Ensemble 50, Mary Rowell, violin, Eleonor Sandresky, piano, Kevin Norton and Jim Pugliese, percussion, is an artist driven composing and improvising ensemble. We came together to play for the first time as a part of Eleonor’s collaboration series at Spectrum NYC,Rétes, in 2013. Our experience of playing and working together was at once based in trust and of truly “playing in the moment.” Our various career trajectories bring a collective experience that traverses all genres of new music, allowing us to tap into a very wide range of styles and techniques. We have each toured and recorded extensively with ensembles that include Ethel, The Philip Glass Ensemble, Anthony Braxton and John Zorn ensembles. Additionally we have worked with and been inspired by African and Brazilian composers as well as popular music, and we continue to be inspired by each other. Our compositions range from notated, through-composed orchestral works to open instrumental module compositions that rely heavily on improvisation. For more on each of us, please visit these other websites or click the links in this one: jimpugliese.org, kevinnorton.com, myspace.com/maryrowell.

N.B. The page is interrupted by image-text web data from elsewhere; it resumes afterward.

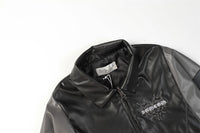 Men's High Street Fashion Design Sense Niche Punk Motorcycle Color Matching PU Leather Jacket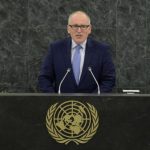 Dutch Foreign Minister Frans Timmermans addresses the 68th session of the General Assembly in New York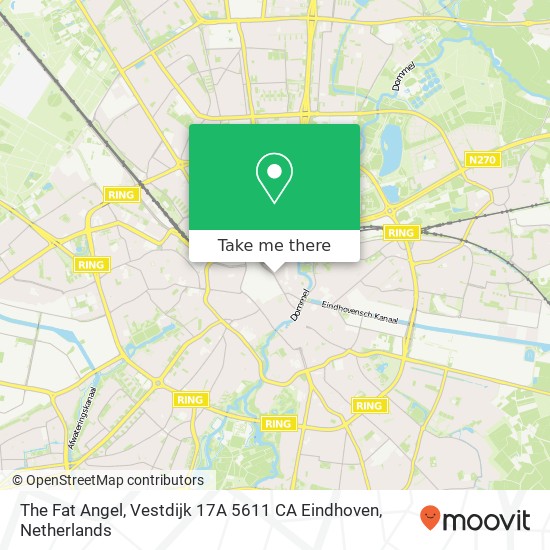 The Fat Angel, Vestdijk 17A 5611 CA Eindhoven map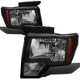 D-Motoring - Headlights - Black Housing - Amber Corner - Plug-n-Play - Pair - 09-14 Ford F-150 - 1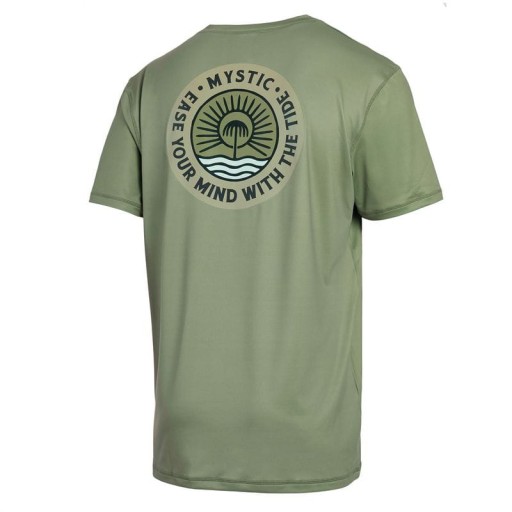 Mystic Ease SS Rashvest Olive Green 2023 XL футболка с коротким рукавом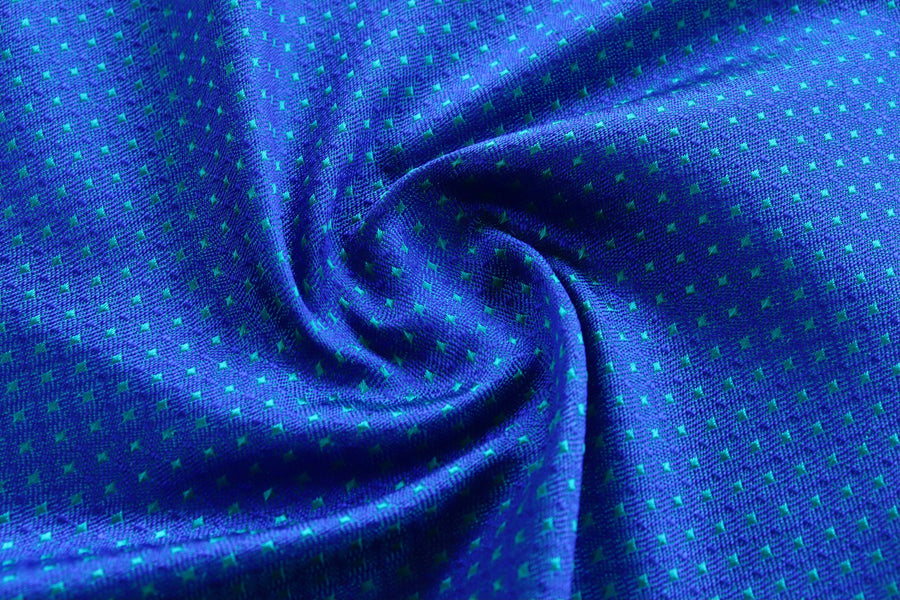 Blue Do Rukhi Resham Handwoven Banarasi Tanchoi Silk Saree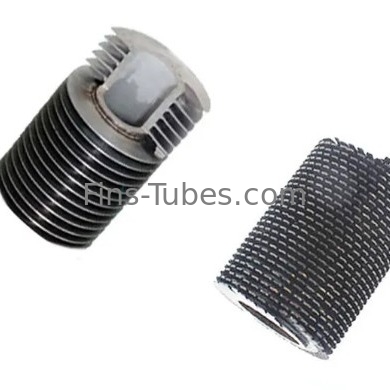 DELLOK Hot Sale Spiral Fin Tube, Serrated Fin Tube Pipe, Serrated Fined Tube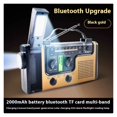 thumbnail image 5 of Emerncy Hand Crank Radio, Portable Solar Powered Multi-Function Survival ar With Hand Crank nerator, LED Lighting For Disaster Preparedness And Outdoor Use ,Handy Bright, 5 of 5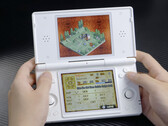 L'Anbernic RG DS che gioca a Mercenaries Saga 2, un gioco per Nintendo 3DS. (Fonte immagine: Anbernic - modificato)
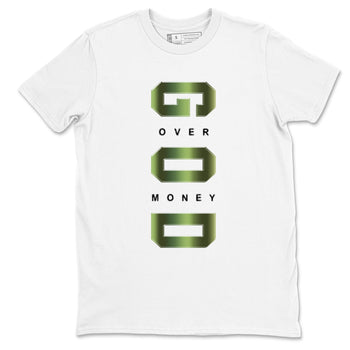Sneaker match tees – Sneaker Tees To Match Air Foamposite One Pine Green Shoes – God Over Money Tee White 2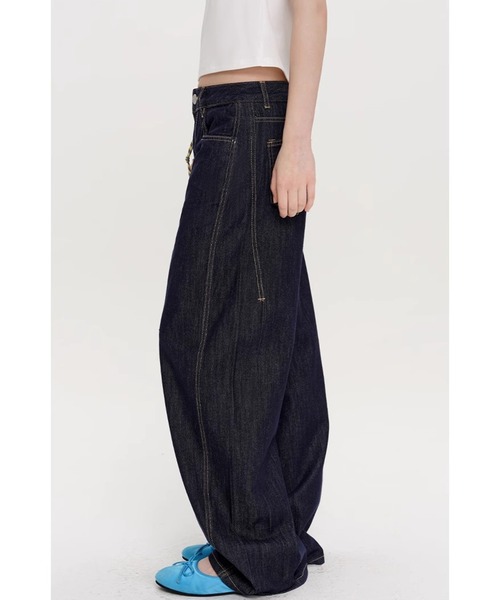サイドシーム ワイドデニムパンツ FX25K062【Fano Studios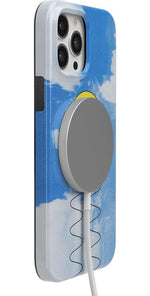 On Cloud Nine | Glitch Smiley Face Case iPhone Case get.casely 
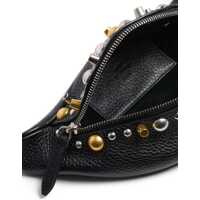 Genti Valentino Garavani Dama - Borsete Valentino Garavani Black Leather Belt Bag With Studs And Shoulder Strap NERO Femei (BM 16730697) - B-mall.ro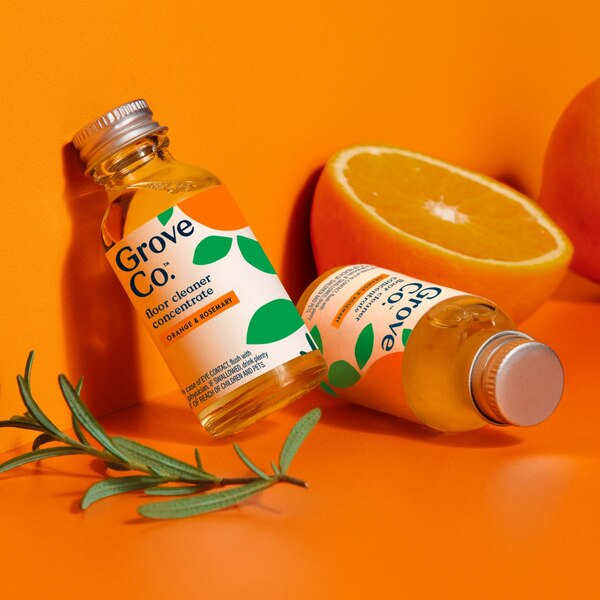 Grove Co. Floor Cleaning Concentrate Orange & Rosemary, 1 oz, 2 ct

The Wonder Suit is not a suit of clothes, but an invention of mine, engineered by Michael Clemow, made up of a set of wireless sensors that are strapped onto the body and piano bench, and used to trigger various processes on a live mic feed from an acoustic resonating body, usually a piano, into my computer.
The live feed is routed via proprietary software through Osculator to Kyma. But really any sound software that is capable of receiving the message would work. The beauty of the sensors is that anyone can strap them on and have the sensation of altering a live acoustic sound. That visceral, direct connection to how motion translates into emotion through sound is experiential proof that is at once fun and thrilling.
The work that I make with the Wonder Suit incorporates choreographed movement that initiates the electronic processes. I was inspired to create the Wonder Suit because I was already making work that incorporated choreographed movement into my solo piano pieces – see A Sleeper’s Notebook. I am a self-titled choreographic pianist. I have also created several works for choreographed ensembles and several years ago began to add electronics. While practicing for an upcoming performance, I had the thought that it would be interesting if the movements actually had some perceivable impact on the acoustic sound of the piano, my instrument of choice. Since that time, I have worked through two prototypes and we will soon be ready to make the finished product.